_Aim of the task_:
After finding the line with "2008 Toyota 4Runner SR5 in Black" in the entries below, retype exactly each line from there through the line with "Lavori eseguiti da Sturniolo service", including that final line.

_Data under study_:
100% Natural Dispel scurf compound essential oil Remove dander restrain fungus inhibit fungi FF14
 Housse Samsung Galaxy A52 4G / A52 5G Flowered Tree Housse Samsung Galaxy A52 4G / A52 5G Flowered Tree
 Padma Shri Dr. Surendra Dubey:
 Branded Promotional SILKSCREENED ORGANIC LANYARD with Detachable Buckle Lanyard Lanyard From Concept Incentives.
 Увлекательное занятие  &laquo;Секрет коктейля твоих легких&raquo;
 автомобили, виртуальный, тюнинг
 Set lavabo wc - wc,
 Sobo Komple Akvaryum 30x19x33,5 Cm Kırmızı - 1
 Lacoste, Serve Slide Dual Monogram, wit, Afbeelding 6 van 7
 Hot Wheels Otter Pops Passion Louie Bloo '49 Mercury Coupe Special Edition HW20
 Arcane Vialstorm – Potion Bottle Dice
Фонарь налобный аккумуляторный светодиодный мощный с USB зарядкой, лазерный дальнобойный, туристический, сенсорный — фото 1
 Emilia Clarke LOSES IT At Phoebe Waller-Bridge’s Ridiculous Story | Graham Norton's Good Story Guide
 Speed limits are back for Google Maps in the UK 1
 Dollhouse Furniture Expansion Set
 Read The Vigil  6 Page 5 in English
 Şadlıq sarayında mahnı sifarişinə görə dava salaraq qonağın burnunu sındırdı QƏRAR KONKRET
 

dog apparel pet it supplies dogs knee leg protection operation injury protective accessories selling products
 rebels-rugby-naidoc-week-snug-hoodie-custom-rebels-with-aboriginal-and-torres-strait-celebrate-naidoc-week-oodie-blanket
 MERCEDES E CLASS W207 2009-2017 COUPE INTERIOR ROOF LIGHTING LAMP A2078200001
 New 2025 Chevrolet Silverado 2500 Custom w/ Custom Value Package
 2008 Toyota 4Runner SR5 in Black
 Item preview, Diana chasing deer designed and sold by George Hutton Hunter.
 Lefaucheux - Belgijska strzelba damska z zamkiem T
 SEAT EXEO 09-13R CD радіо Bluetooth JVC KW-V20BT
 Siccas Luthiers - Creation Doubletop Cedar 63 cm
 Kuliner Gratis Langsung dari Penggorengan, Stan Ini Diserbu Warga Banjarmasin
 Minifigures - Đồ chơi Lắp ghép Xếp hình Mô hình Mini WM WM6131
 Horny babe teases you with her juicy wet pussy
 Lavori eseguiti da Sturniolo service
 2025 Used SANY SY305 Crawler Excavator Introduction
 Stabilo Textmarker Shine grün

_Task solution_:
 2008 Toyota 4Runner SR5 in Black
 Item preview, Diana chasing deer designed and sold by George Hutton Hunter.
 Lefaucheux - Belgijska strzelba damska z zamkiem T
 SEAT EXEO 09-13R CD радіо Bluetooth JVC KW-V20BT
 Siccas Luthiers - Creation Doubletop Cedar 63 cm
 Kuliner Gratis Langsung dari Penggorengan, Stan Ini Diserbu Warga Banjarmasin
 Minifigures - Đồ chơi Lắp ghép Xếp hình Mô hình Mini WM WM6131
 Horny babe teases you with her juicy wet pussy
 Lavori eseguiti da Sturniolo service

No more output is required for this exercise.